[PROMPT]
Below are some records. Return exactly the lines from the one with "Pastel Background 110582493" to the one with "Top boule manches", and nothing else.
+++ DATA PROVIDED +++
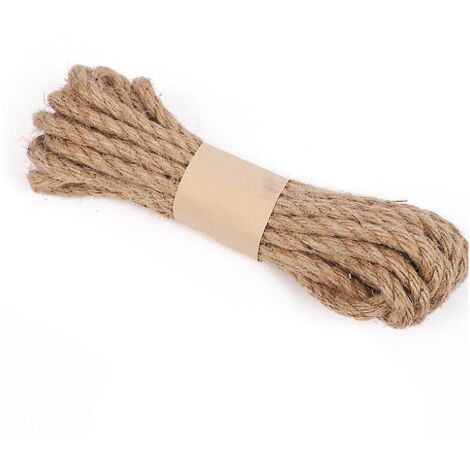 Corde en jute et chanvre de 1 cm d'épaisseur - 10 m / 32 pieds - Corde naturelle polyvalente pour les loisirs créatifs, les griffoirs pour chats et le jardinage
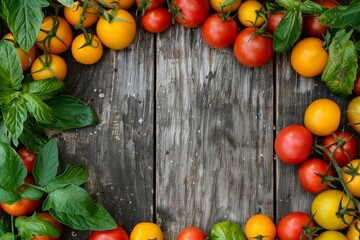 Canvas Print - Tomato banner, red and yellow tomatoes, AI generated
+++
+++ DATA PROVIDED +++
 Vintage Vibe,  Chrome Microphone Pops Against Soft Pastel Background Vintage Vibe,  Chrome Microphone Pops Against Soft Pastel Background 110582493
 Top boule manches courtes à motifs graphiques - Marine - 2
+++
+++ DATA PROVIDED +++
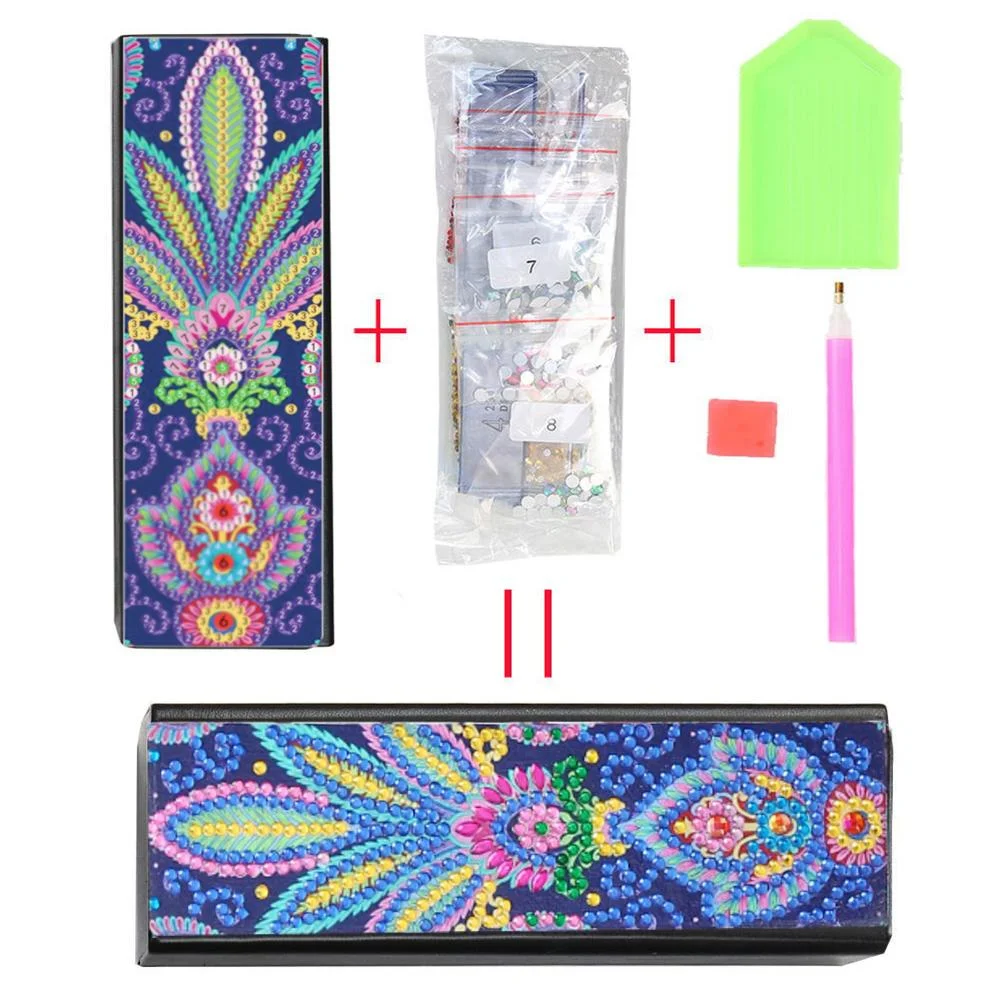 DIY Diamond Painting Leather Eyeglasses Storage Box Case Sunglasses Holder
+++
[RESULT OF THIS EXERCISE]
 Vintage Vibe,  Chrome Microphone Pops Against Soft Pastel Background Vintage Vibe,  Chrome Microphone Pops Against Soft Pastel Background 110582493
 Top boule manches courtes à motifs graphiques - Marine - 2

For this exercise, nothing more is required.